Namun di salah satu sudut asrama putri, tiga sahabat Arabella yaitu Dina, Elis dan Sari sedang duduk dengan wajah penuh kekhawatiran.
“Gimana kalo lukanya parah?” Sari menggigit bibirnya, matanya terlihat berkaca-kaca.
“Iya, Bella emang selalu keliatan kuat, tapi kita tau dia pasti kesakitan.” Tambah Elis.
Dina yang sejak tadi diam akhirnya menghela napas panjang. “Gue nggak habis pikir, kenapa sih orang-orang selalu nyari masalah sama Bella?”
Sari mengangguk. “Mungkin karena dia bukan santri biasa. Kita aja baru tau kalo dia dulunya bukan orang sembarangan.”
Elis menunduk, teringat bagaimana polisi Arabella sebagai Lord dengan penuh hormat. “Sebenernya siapa sih Arabella? Kita deket sama dia, tapi kayaknya banyak yang dia rahasiain dari kita.”
Dina menatap kedua sahabatnya, lalu berkata pelan, “Aku nggak perduli dia siapa di luar sana. Yang aku tau, dia sahabat kita. Dan kita harus ada buat dia.”
Sari dan Elis saling berpandangan lalu mengangguk setuju.
“Besok kita minta ijin ke Uma buat jenguk dia di rumah sakit,” usul Sari.
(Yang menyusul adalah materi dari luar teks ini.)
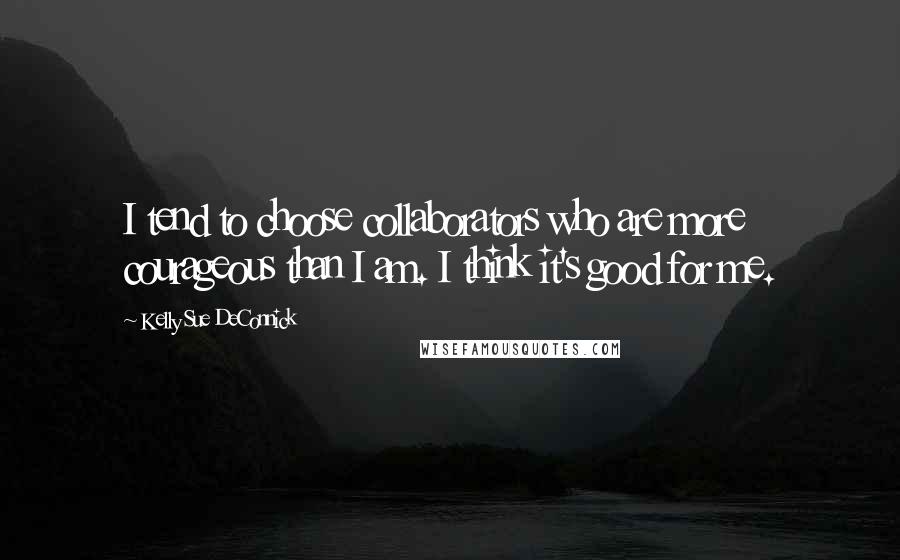 Kelly Sue DeConnick Quotes: I tend to choose collaborators who are more courageous than I am. I think it's good for me.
“Setuju!” jawab Elis semangat.
Namun Dina masih terlihat gelisah.
“Kenapa Din?” tanya sari.
Dina menggigit bibirnya. “Gue Cuma kepikiran... gimana kalau setelah ini, hidup Bella di pesantren nggak akan sama lagi?”
Sari dan Elis terdiam. Mereka tau Dina ada benarnya. Setelah semua kejadian ini, semua orang pasti akan memandang Arabella dengan cara yang berbeda. Dan mereka hanya berharap, sahabat mereka yang absurd dan bar bar itu tidak akan berubah menjadii seseorang yang mereka tidak kenal lagi.